STABLE SERVICE TERRITORY BOASTS STRONG ECONOMY
DC Water provides retail water and wastewater service to the District of Columbia and wholesale wastewater service to Fairfax and Loudon Counties in Virginia (Fitch rates the general obligation bonds [GO] of both counties 'AAA' with a Stable outlook), Montgomery and Prince George's Counties in Maryland (GOs rated 'AAA' with a Stable Outlook) and Washington Suburban Sanitary Commission (also rated 'AAA' with a Stable Outlook by Fitch).
DC Water's retail base is highly diverse with the 10 largest commercial and governmental customers typically accounting for just 3% and 8% of gross revenues, respectively. The district is the heart of the service area, and its residents, including the federal government, account for more than three quarters of operating revenue. Wholesale users account for the balance.
The strength and stability of DC Water's service territory remains a key rating factor.

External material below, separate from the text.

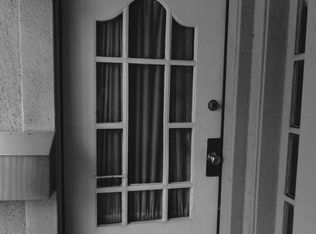 152A, San Francisco, CA 94117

High wealth levels throughout much of the service area coupled with a regional unemployment rate that remains below 6% have helped keep delinquent retail account balances below a nominal 1.5% over the prior five years.

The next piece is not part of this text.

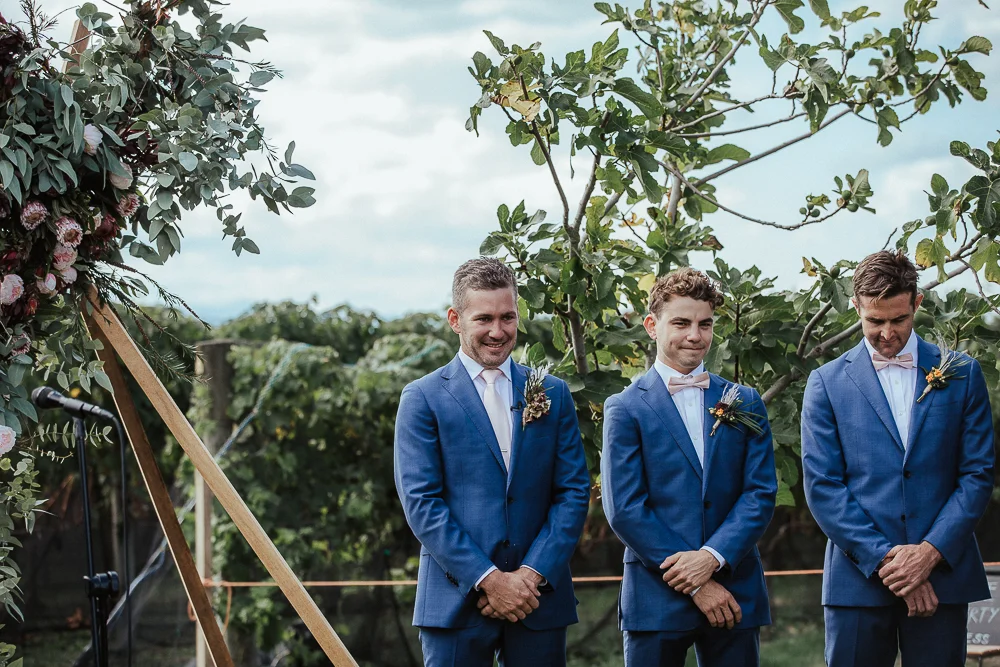 Katie & Dean-235.jpg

Additional information is available at 'www.fitchratings.com'.
In addition to the sources of information identified in Fitch's Revenue-Supported Rating Criteria, this action was additionally informed by information from Creditscope.
Applicable Criteria and Related Research:
--'Revenue-Supported Rating Criteria' (June 16, 2014);
--'U.S. Water and Sewer Revenue Bond Rating Criteria' (July 31, 2013);
--'2014 Water and Sewer Medians' (Dec. 12, 2013);
--'2014 Outlook: Water and Sewer Sector' (Dec. 12, 2013).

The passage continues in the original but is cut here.